▽
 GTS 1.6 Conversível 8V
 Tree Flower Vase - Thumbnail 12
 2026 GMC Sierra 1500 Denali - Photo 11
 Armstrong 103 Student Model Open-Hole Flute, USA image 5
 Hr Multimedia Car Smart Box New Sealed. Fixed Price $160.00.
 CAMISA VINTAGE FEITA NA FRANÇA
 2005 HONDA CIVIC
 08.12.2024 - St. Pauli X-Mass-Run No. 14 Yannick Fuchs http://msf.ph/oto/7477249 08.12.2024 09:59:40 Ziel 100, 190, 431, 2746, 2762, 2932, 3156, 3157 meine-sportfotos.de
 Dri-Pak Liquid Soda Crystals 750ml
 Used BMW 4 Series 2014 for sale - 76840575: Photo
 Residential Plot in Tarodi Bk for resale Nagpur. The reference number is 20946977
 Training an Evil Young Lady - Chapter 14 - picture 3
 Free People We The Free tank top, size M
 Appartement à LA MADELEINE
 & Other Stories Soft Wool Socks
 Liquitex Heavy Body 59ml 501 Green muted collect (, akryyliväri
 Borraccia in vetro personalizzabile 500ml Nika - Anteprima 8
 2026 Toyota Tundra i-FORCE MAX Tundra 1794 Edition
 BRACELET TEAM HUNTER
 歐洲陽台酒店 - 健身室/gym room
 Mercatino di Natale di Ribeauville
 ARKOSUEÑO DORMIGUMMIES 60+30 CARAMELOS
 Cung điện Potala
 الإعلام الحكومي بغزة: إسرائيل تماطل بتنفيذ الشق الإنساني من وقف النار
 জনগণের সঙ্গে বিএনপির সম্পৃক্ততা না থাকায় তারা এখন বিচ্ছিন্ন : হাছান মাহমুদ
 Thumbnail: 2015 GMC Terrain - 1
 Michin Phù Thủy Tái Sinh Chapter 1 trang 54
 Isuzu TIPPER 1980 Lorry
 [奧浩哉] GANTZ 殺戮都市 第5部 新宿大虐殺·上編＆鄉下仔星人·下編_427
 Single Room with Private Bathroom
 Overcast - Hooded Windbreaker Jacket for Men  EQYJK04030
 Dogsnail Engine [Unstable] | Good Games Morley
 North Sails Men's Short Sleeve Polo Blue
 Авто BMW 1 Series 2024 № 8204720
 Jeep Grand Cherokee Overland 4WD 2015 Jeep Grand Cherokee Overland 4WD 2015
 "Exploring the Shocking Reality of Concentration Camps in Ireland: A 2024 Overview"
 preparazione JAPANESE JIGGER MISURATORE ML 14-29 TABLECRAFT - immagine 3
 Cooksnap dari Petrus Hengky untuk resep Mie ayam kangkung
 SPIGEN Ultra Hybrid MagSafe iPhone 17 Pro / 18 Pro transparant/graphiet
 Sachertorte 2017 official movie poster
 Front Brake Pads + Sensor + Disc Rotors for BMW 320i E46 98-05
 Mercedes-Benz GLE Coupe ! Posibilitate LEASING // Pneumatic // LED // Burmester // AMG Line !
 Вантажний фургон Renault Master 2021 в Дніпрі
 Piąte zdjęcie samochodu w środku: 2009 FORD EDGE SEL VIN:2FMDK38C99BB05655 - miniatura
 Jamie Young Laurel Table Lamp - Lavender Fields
△
# Exercise
Each line in the data that holds the string "Young" should be found and copied.

# Response box
 Training an Evil Young Lady - Chapter 14 - picture 3
 Jamie Young Laurel Table Lamp - Lavender Fields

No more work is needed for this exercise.